|4/16/2021 11:48:00 AM|
North Branch Water and Light puts years
old trailer park issue on upcoming agenda
North Branch Water & Light Commission welcomed a familiar face to its meeting last week, in the person of Tom Borchardt. The former owner of Oakwood Trailer Park in North Branch, Borchardt is seeking compensation for a six-year-old utility project he says he was “forced” to undertake; by a utility commission that he says was acting in violation of its own policy. Commissioners agreed to review the issues and take action at next week’s Water & Light meeting April 21.
According to Borchardt, Water & Light was responsible for resolving issues with metering the units in the trailer park—and should have accepted that responsibility when a meter was uncovered at the property. His involvement and responsibility in rectifying the metering issue was coerced, he says he was threatened water would be shut-off and a host of other negative outcomes awaited if he didn’t provide and fund the metering.
There was an existing underground metering device not acknowledged by the utility, found after exploratory sitework was being done to uncover the Oakwood Trailer Park watermain.
The utility had done an experiment and shut-off service at the main— but trailers continued to have water coming out of taps inside. The conclusion was there must be unidentified access points to the main. The utility GM when this happened several years ago advised against metering at the trailers themselves, because then the utility would have to accept the system inside the park, which the GM considered as sub-standard.
Borchardt argued for meters in each trailer. This was not a mutually exclusive thing, however, as he could have proceeded on installing metering at the main as desired by the utility and at each trailer.
After many meetings, he and the utility agreed to proceed on Oakwood Trailer Park meters at a 60-40 share (Borchardt paying 60 percent.)
For decades the fact there was no obvious metering being done at the park was no big deal. The “unwritten agreement’ was for water billing at trailer parks in North Branch to be estimated.
The “per unit’ base rate of $33 per unit being applied elsewhere in the city, was assessed at $33 for the whole 32-unit trailer park, however.
The difference, Borchardt stated, from the estimated billing system to when the metering was activated was 78,000 gallons to an average actual consumption of 98,000 gallons.
Utility Chair Terry Smith observed, “It (cash flow) worked both ways then.”
Borchardt said he fought to keep assessments tied to this water metering project off his property tax, to no avail.
Last week he got on the utility commission’s agenda to make a presentation requesting the utility commission to reimburse him about $40,000, including attorney costs which he says he never should have spent to fight the assessment/property tax.
The Water & Light Commission, before the commission expanded to five members, literally ignored the compensation claim. As Borchardt stated last week, “They wouldn’t deal with it.”
Commission Chair Smith acknowledged last week he’d spoken with Borchardt in the fall of 2020, but he wanted to get the new utility General Manager situated and the new five member commission firmly established, he explained.
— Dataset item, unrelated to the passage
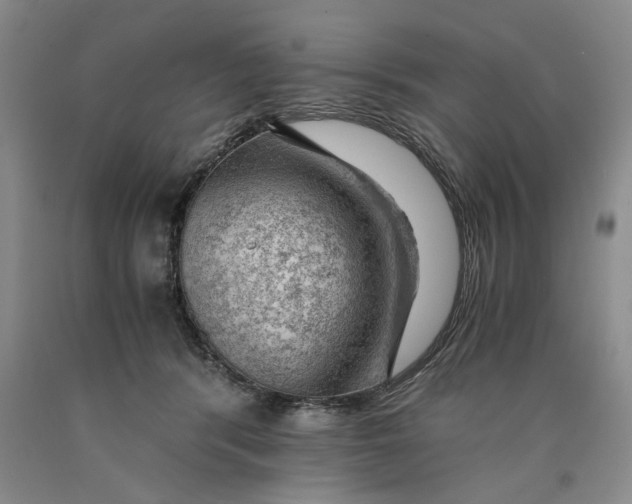 X0000089920416200707271740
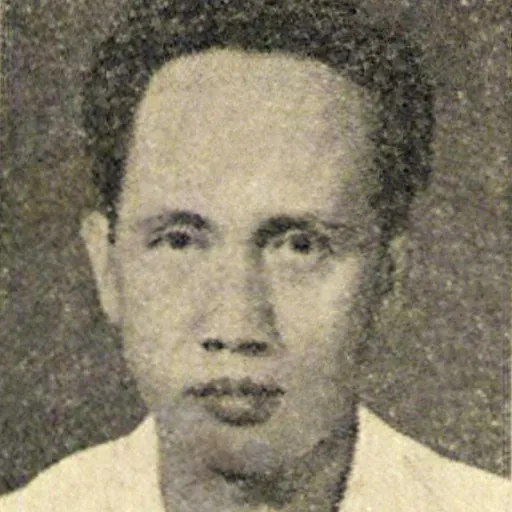 Portrait of Hardi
In 2015 there was a lengthy and oftentimes personal conflict between Borchardt, officials with the utility and city political figures involved in the utility. In 2016 Borchardt and his wife, Joyce, who also served on city council, led an effort to put a utility dissolution question on a ballot.
The utility emerged supported as a continued stand-alone agency.
Borchardt has also requested a wastewater refund from the city of North Branch, unsuccessfully. Another “unwritten agreement” called for sewer billing by the city based on 49,000 gallons. But, it was erroneously applied to all the units in the trailer community. Borchardt argued this was unfair in 2015— as he requested 15 years’ of refunds. Oakwood Trailer Park in particular was overcharged by 567,000 gallons, he stipulated then. The issue, he said, was that many units were vacant on and off during years of this practice, and should have been eliminated from billing by the city, which they were not.